Daily update 4/15 Interesting article on asset manager's problems

Yet another almost strong day.

SPX hit the downtrend line and got above Monday's high for a while.  However, late day selling took it back below that high.  Breadth ended the day +62%.  For most of the day it was around +68% so that late day selling took it down quite a bit.  There were 123 new highs.  Up from yesterday, but just back in the range it has been on this rally.  The volume increased quite a bit.  I am not sure that is a good thing since we failed to take out resistance.  We had strong breadth and strong volume and still only managed a .5% gain on the day.  If the big boys were piling in we should have easily been up over 1%.  Maybe the bulls will keep on pushing albeit in a lethargic way.

The futures got back to a green bar late in the day.  However, the ADX looks much like it did back in March.  There is no strong trend into this high.  In other words it might not take much for this market to reverse here. 

There is likely to be resistance here all the way up to the high of 2119.  This has been a very lethargic bounce from day one so we will see what happens.  It looks like an absence of selling more then heavy buying.  That means a selling catalyst can dramatically change things.  The transports remain relatively weak as they were barely positive today.  The small and mid cap indexes blasted out to new highs.  They won't stay there unless SPX gets up there also.  In the end everything winds up going where SPX goes.  Breaking today's low might usher in some selling.  Breaking yesterday's low is likely to open some floodgates.  Lets see if the bulls still feel like pushing higher.

This is a pretty good read.  Market Overview Q115  There are not many articles I read completely through that don't have charts, but this is one.  Some interesting snippets.

In such an environment, John Dizard's blunt and objective evaluation of the markets comes through like a breath of fresh spring air. He recently noted in the Financial Times, "The policy regime has now made it mathematically impossible for fiduciaries [e.g., investment advisors and pension managers] to meet the beneficiaries' future needs through the prudent buying of securities." 
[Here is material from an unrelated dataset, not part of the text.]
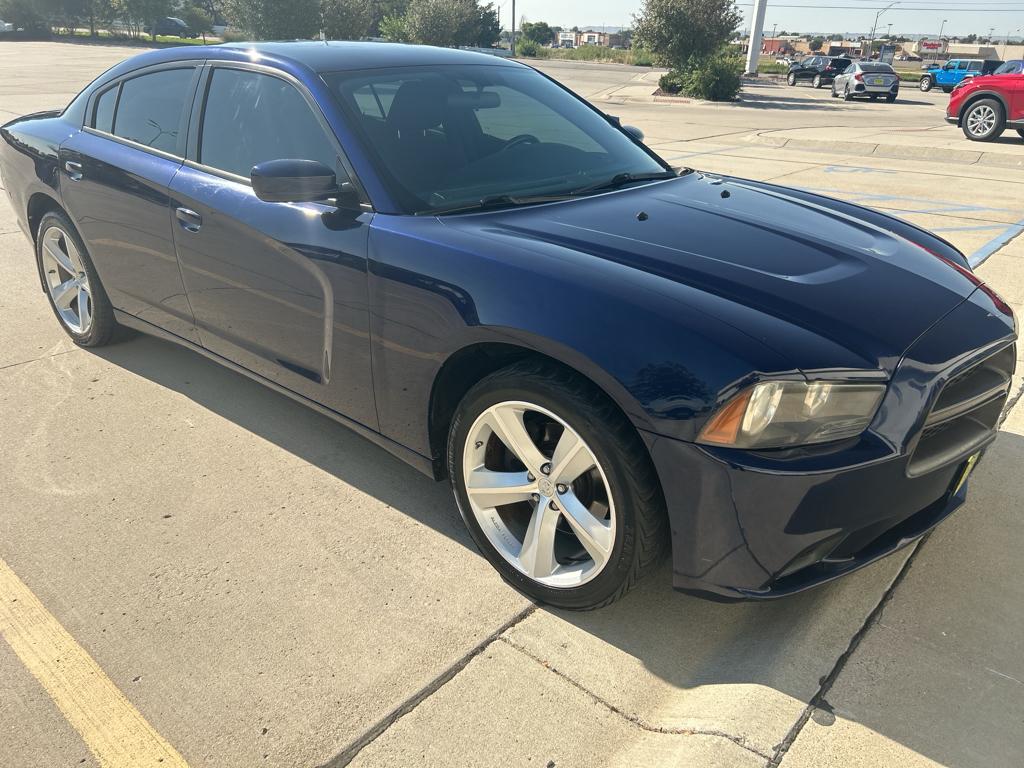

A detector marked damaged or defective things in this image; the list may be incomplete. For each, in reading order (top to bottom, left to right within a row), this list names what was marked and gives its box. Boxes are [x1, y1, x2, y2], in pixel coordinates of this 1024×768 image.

crack in concrete [315, 606, 536, 768]
crack in concrete [499, 630, 770, 765]
crack in concrete [770, 540, 929, 768]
On the other hand, by constraining his assessment to "prudent" buying, Dizard also highlights an investment conundrum: investment advisors must either resort to imprudent and speculative buying of securities to try to meet their clients’ needs or face the music that there will be a shortfall. 
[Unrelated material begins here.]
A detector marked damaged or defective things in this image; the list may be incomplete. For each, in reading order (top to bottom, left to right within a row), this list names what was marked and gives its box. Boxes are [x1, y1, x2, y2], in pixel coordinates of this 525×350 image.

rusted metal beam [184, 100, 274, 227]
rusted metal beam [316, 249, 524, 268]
According to Jones, "the business risk of asset managers acts as strong motivation for institutional herding and 'rational bubble-riding'." Zerohedge clarifies the implication, "Simply put, it can be entirely rational—from the perspective of business and compensation risk—for asset managers to knowingly ride bubbles because of benchmarking and the short-term performance appraisal periods often imposed on asset managers by asset owners." Jones concludes that, “procyclicality could intensify as institutional assets under management continue to grow.” 
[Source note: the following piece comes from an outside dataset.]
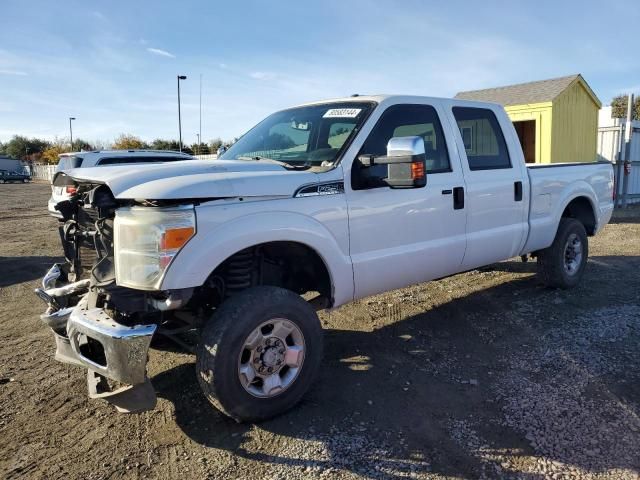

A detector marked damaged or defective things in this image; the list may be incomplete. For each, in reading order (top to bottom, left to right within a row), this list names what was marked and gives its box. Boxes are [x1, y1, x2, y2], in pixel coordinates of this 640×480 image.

broken bumper [36, 264, 159, 410]
damaged front end [34, 175, 194, 412]
exposed headlight [114, 205, 195, 288]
So one consequence we seem to get from an ever-growing investment industry is more herding which causes bigger and bigger swings in the market. Indeed this may go a long way in explaining why stock prices are still going up despite high valuations and deteriorating internals. It’s not “unsophisticated” individual investors chasing performance; it’s “sophisticated” institutional investors riding bubbles for fear of losing their jobs if they miss out. Insofar as this is the case, it would represent a massive deviation from what most investors want and from what Howard Marks described in his 2006 memo, "Dare to be Great."  

Think about those last two paragraphs for a minute.  The huge swings up and down we have seen since 2000 may be the new norm.  There is some other greats tidbits in that article.